According to the NL Times, the move likely already has the support of the ruling People's Party for Freedom and Democracy (VVD) a majority of lawmakers, pediatricians, and parental groups. The move is being opposed by Christian lawmakers from parties such as the Christian Democratic Appeal (CDA) and the Christian Union (CU).
The suicide of Noa Pothoven, a 17-year-old girl from the Netherlands, attracted international attention and reignited controversy surrounding Dutch euthanasia laws in 2019. While Pothoven, who suffered from PTSD, saw her request to be euthanized rejected, doctors and her parents did nothing as she intentionally starved herself to death in her home.
Citing such cases, critics have suggested that the legalization of euthanasia has created a culture of indifference towards life itself, causing doctors to abstain themselves from intervening to save lives. Others have claimed that a different slippery slope exists whereby a practice which was originally reserved for the terminally ill will be extended to those who would best be saved through psychiatric care. Such fears were given credibility after the death of Simona De Moor, a grief-stricken 85-year-old from Belgium who received an assisted suicide three months after her daughter died.
Many opponents of euthanasia instead have argued that euthanasia itself is a form of murder, and that the practice is unethical regardless of whether there exists a slippery slope.

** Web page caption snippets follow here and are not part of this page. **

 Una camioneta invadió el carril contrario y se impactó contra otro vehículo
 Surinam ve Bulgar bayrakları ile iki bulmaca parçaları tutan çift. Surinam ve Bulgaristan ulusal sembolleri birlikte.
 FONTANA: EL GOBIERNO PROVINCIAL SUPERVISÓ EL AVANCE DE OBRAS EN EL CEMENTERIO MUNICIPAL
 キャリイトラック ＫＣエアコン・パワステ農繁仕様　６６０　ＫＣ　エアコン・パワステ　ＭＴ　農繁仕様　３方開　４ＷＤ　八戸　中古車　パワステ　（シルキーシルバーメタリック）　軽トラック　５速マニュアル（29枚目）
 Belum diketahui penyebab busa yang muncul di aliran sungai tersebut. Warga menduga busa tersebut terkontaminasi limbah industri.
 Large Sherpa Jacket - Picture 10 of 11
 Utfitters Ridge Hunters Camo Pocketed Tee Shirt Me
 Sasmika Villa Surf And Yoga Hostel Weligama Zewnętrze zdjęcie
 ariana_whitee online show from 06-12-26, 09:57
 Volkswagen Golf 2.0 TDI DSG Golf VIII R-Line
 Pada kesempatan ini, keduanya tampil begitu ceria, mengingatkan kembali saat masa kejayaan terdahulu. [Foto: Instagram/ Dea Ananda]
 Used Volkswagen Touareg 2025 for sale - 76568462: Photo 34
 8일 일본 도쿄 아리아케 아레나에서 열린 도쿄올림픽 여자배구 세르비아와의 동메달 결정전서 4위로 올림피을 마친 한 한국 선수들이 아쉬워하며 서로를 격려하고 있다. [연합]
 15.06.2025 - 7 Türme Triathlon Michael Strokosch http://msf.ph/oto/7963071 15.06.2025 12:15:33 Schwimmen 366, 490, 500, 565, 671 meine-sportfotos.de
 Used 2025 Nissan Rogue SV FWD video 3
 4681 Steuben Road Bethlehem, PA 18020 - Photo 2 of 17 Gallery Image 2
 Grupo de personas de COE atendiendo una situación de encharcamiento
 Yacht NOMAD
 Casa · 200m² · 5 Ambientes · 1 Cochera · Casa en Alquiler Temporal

Supporters of euthanasia, however, have argued that self-determination is a right every individual has, which includes determining whether they want to die early. Assisted suicide, according to supporters, is more effective and less painful than other forms of suicide, and should therefore be accessible for those seeking to end their lives early.
De Jonge said that the regulations will affect less than a dozen children per year, stating the procedure only applies to children suffering "as a result in some cases unnecessarily, for a long time, without any prospect of improvement."